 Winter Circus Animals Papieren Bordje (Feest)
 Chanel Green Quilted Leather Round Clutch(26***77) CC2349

---

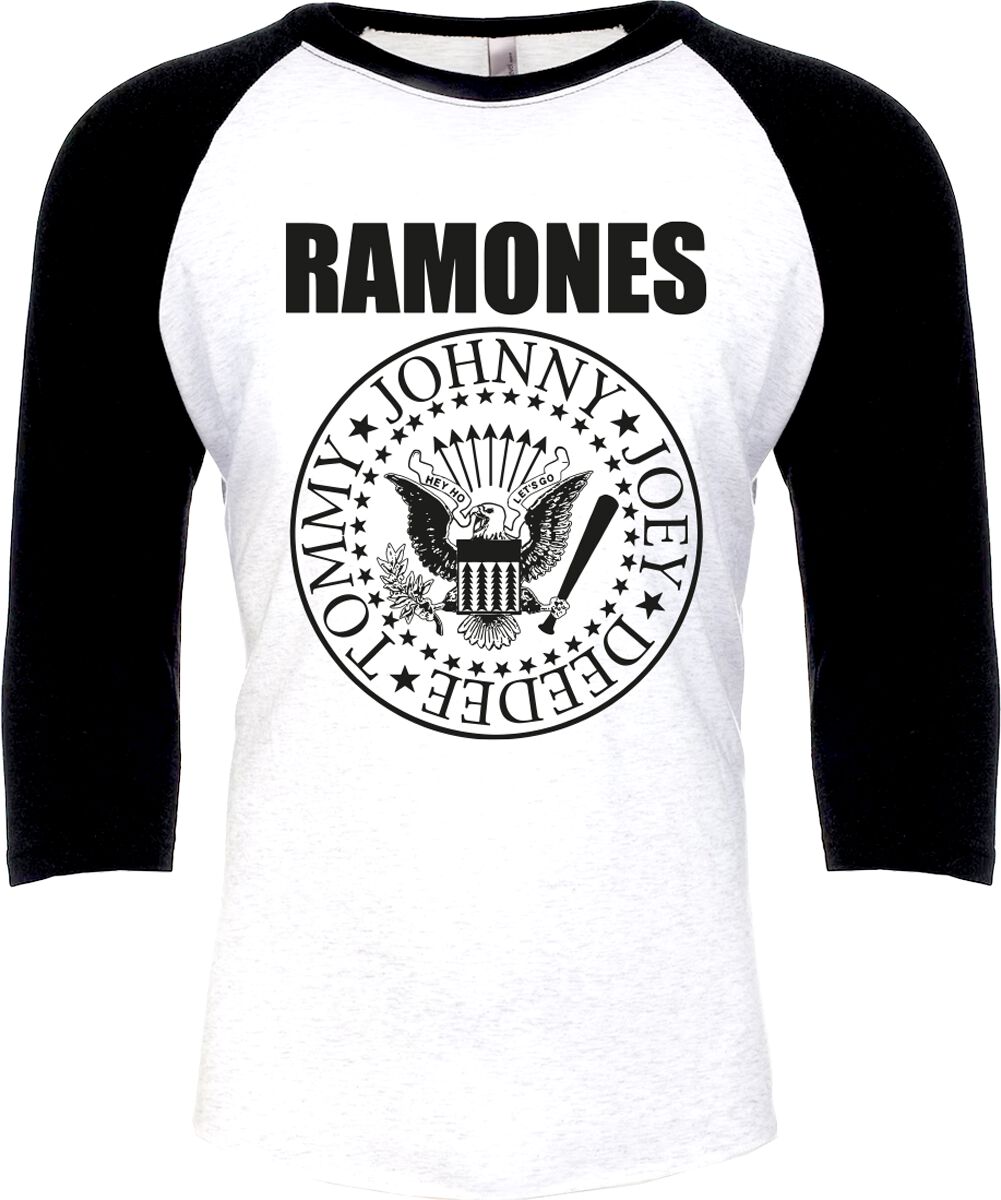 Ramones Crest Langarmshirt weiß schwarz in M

==

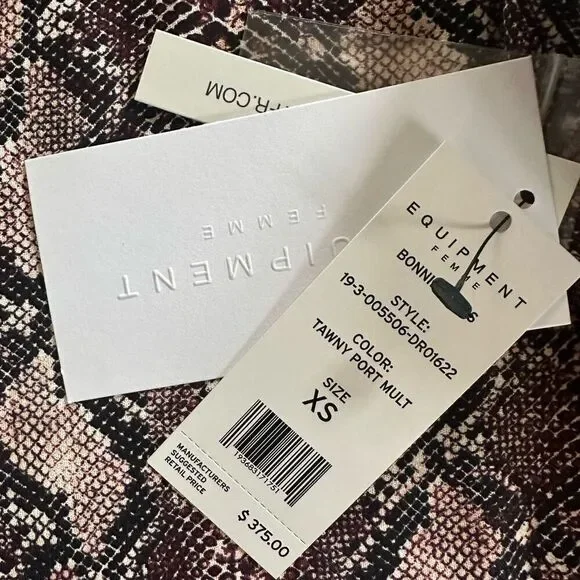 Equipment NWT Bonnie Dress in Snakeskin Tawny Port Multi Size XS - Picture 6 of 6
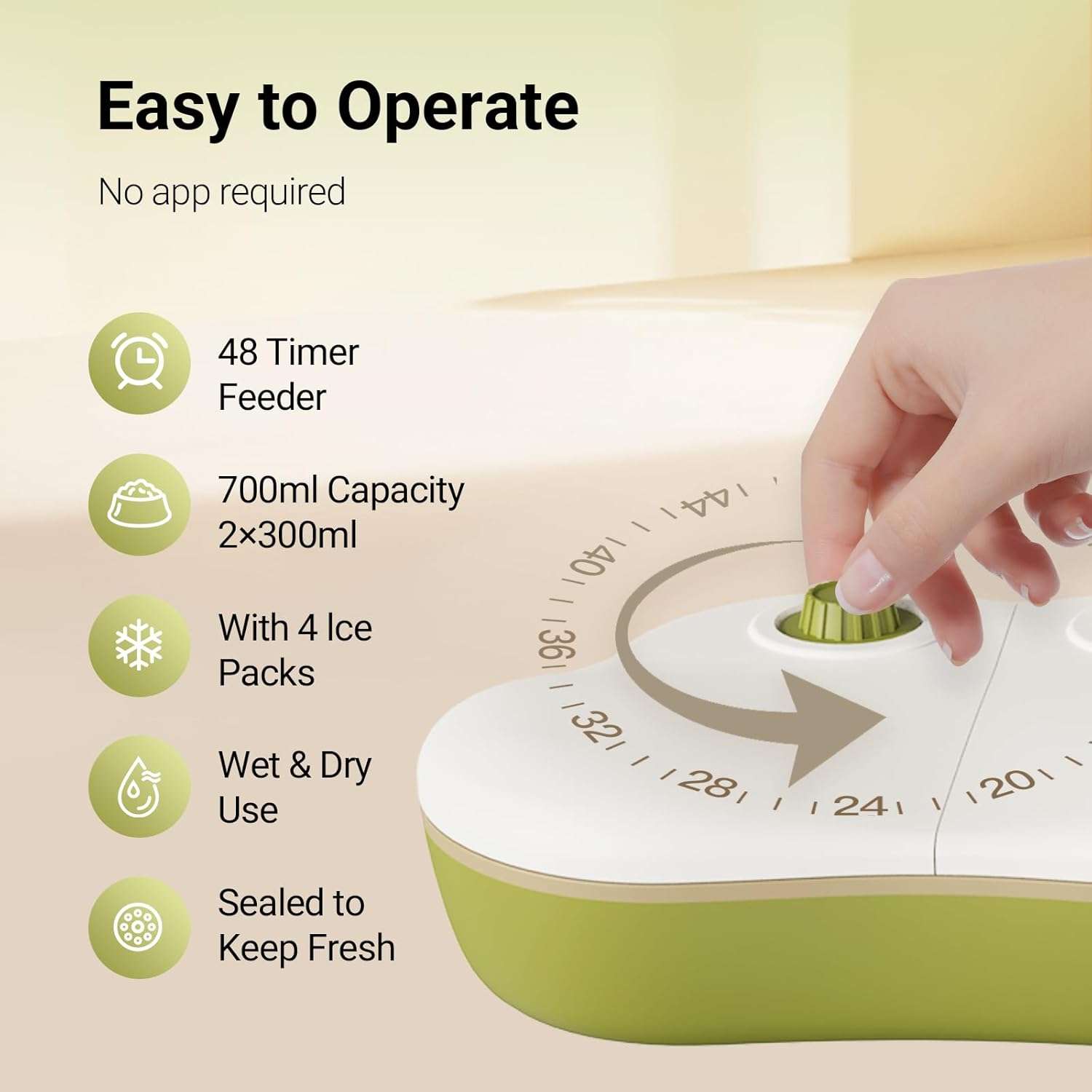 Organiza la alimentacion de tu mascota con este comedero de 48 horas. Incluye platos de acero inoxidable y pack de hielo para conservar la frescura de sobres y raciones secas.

● **Task instructions**: Starting with the line with "Winter Circus Animals" above and going on through the line with "Chanel Green Quilted", transcribe every line exactly, both ends included, and add nothing.

● **Exercise output**:
 Winter Circus Animals Papieren Bordje (Feest)
 Chanel Green Quilted Leather Round Clutch(26***77) CC2349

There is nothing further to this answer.